>>
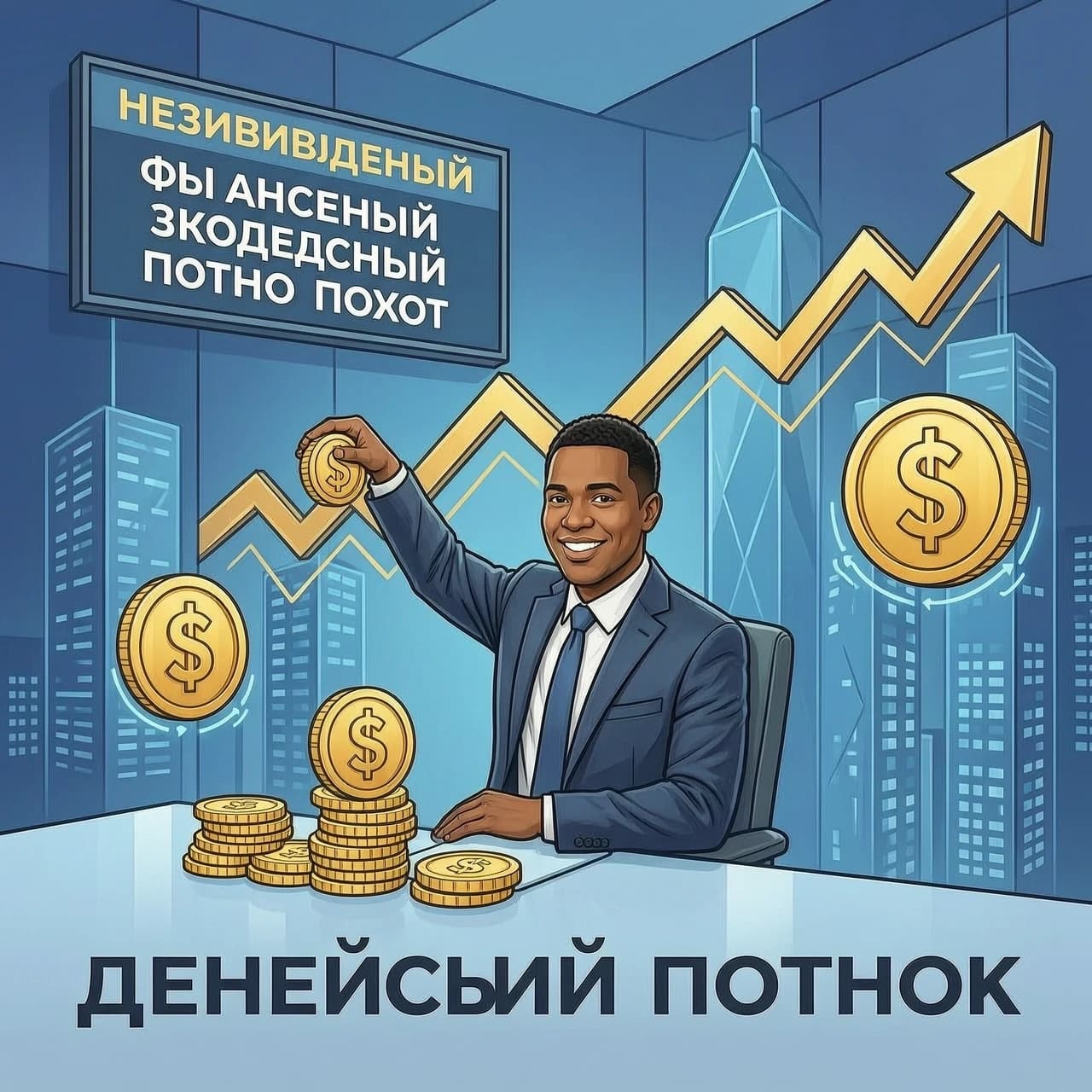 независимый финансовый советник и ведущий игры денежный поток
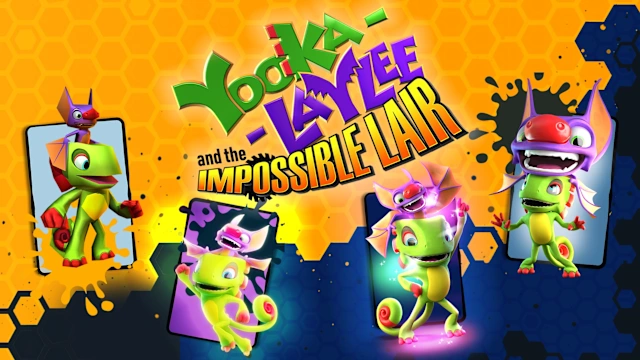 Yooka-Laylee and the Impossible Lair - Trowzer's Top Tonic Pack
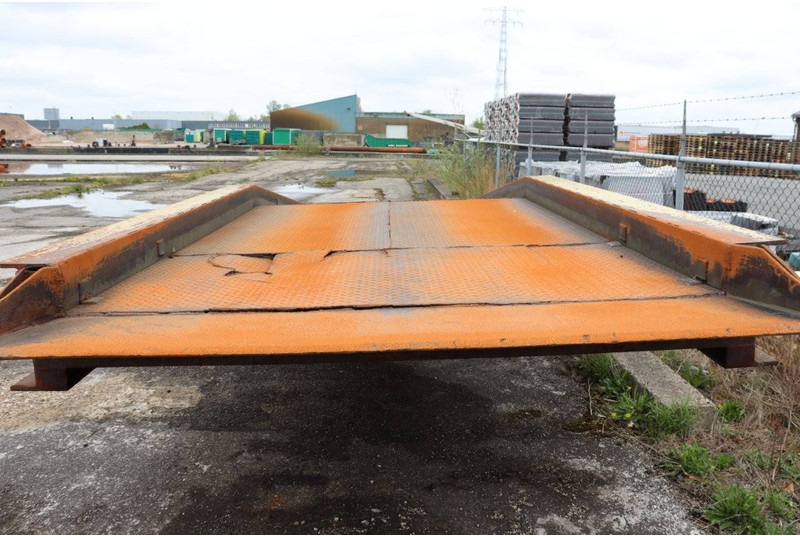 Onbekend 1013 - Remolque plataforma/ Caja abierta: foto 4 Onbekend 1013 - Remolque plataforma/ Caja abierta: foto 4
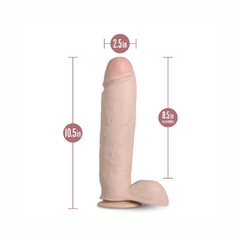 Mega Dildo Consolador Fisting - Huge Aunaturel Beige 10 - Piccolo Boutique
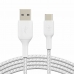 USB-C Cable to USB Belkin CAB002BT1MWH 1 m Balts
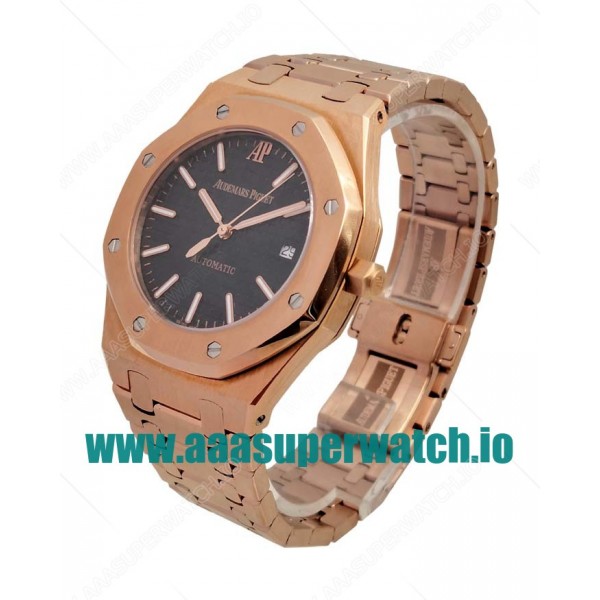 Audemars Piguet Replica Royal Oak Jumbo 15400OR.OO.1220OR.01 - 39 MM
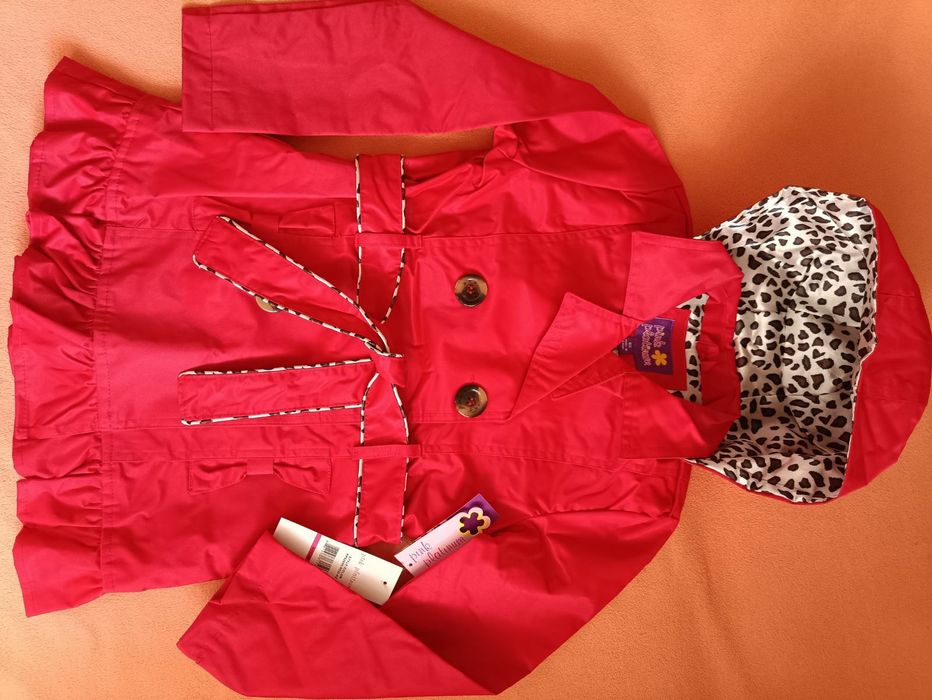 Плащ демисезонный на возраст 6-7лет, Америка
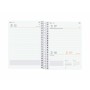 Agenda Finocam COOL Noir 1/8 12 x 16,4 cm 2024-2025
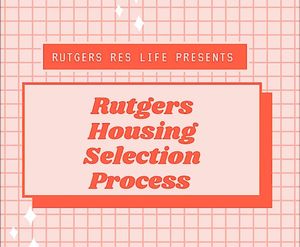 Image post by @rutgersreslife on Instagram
<<
Exercise details >> Restate, line by line and word for word, everything from the top of the material through the line that contains "foto 4 Onbekend". Leave pictures out.

Answer for this exercise >>
 независимый финансовый советник и ведущий игры денежный поток
 Yooka-Laylee and the Impossible Lair - Trowzer's Top Tonic Pack
 Onbekend 1013 - Remolque plataforma/ Caja abierta: foto 4 Onbekend 1013 - Remolque plataforma/ Caja abierta: foto 4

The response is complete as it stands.